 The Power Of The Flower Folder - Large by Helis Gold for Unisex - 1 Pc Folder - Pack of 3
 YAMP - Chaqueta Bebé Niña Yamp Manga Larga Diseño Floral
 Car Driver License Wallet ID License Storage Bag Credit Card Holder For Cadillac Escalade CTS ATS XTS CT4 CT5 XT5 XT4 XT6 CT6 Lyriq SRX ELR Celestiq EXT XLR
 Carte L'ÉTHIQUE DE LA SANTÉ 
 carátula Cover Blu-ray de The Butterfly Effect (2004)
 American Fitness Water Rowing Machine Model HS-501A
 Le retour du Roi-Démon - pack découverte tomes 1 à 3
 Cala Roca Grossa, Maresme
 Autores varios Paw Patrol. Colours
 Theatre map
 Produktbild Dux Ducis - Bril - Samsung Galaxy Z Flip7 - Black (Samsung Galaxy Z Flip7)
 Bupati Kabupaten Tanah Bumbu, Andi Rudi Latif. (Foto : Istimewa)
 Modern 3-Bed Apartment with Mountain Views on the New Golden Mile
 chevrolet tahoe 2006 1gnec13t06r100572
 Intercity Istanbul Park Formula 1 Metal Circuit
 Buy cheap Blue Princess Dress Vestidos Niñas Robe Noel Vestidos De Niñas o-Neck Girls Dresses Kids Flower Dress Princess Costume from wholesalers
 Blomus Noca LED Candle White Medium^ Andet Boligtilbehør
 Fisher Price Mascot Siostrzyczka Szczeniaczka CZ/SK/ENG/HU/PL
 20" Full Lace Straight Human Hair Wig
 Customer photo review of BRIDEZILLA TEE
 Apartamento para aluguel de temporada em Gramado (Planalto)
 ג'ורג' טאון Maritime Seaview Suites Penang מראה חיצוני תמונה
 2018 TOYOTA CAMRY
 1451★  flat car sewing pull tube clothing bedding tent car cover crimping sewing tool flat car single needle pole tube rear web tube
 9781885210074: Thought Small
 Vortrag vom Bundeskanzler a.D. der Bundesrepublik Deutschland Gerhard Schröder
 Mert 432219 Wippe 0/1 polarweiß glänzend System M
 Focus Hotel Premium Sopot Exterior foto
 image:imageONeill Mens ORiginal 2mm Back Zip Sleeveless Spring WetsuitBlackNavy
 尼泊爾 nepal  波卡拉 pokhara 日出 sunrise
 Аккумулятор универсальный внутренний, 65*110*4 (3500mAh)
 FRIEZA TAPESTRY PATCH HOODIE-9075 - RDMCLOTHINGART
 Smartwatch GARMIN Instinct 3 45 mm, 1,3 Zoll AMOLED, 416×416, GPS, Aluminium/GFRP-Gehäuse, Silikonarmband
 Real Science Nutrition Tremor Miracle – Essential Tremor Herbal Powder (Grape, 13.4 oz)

▶ _TASK INSTRUCTIONS_
Every line in the data above that includes the word "Flower" should be copied.

▶ _ANSWER TO THE EXERCISE_
 The Power Of The Flower Folder - Large by Helis Gold for Unisex - 1 Pc Folder - Pack of 3
 Buy cheap Blue Princess Dress Vestidos Niñas Robe Noel Vestidos De Niñas o-Neck Girls Dresses Kids Flower Dress Princess Costume from wholesalers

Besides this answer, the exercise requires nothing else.